Several modern scholars have suggested that the LXX represents the original text, with the MT a scribal corruption. As these scholars note, the MT of Samuel is generally considered to be problematic, as compared with the LXX and Qumran fragments of the book.
This solution goes against the principle lectio difficilior potior, “the more difficult reading is the stronger one.” While we can easily understand a scribe changing the problematic “ark” into the more understandable “ephod,” it is hard to imagine why a scribe would have turned ephod into ark. While errors surely occur, it is difficult to make the argument in this case, the MT text cannot be explained by one of the common causes for scribal error—“ark” was not mentioned earlier in the text, the word אפוד (ephod) and ארון (aron) do not look or sound similar—we should take seriously the likelihood that “ark” is the original reading, and make every effort to understand it.
Changing Ark to Ephod
Building on the work of Leonhard Rost, Philip R. Davies suggests that the ark in our story is different from the ark described in the story of the Philistine capture of the ark (1 Sam. 4–6).  He suggests that the story of the wanderings of the ark and the story of Saul’s rise derive from two different sources, and thus the author of the Saul story is not aware of the tradition that the ark was captured at the battle of Ebenezer or that it should be anywhere else other than by the side of the Israelite king.

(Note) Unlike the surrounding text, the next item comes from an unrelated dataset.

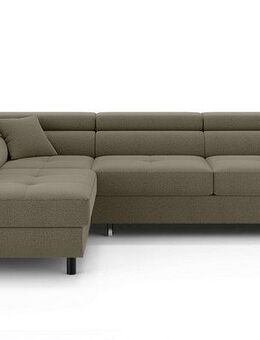 OTTO home Ecksofa AADEN Schlafsofa mit verstellbaren Kopfstützen, B/T/H: 254/199/90 cm, mit Bettfunktion und Bettkasten, Ottomane rechts/links bestellbar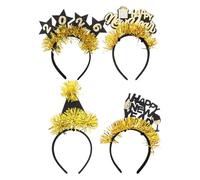 Beavorty 4 Diademas de Feliz Año Nuevo: Diadema Brillante para La Víspera de Año Nuevo 2026, Ideal para Fiestas Y Decoración Navideña.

Davies argues that the ephod mentioned in the stories of the judges, Saul and David is an ark. Originally, wherever we see ephod in the stories of Samuel, it originally said “ark,” but the editor of Samuel changed all of these mentions to ephod to avoid the contradiction with the ark account that has it remained in Kiryat-yearim until King David brings it to Jerusalem. 1 Samuel 14:18, then, is the one place that the editor missed, and left the original language.
While this explanation explains the jump from ephod to ark in 1 Samuel 14, it goes well beyond the textual evidence.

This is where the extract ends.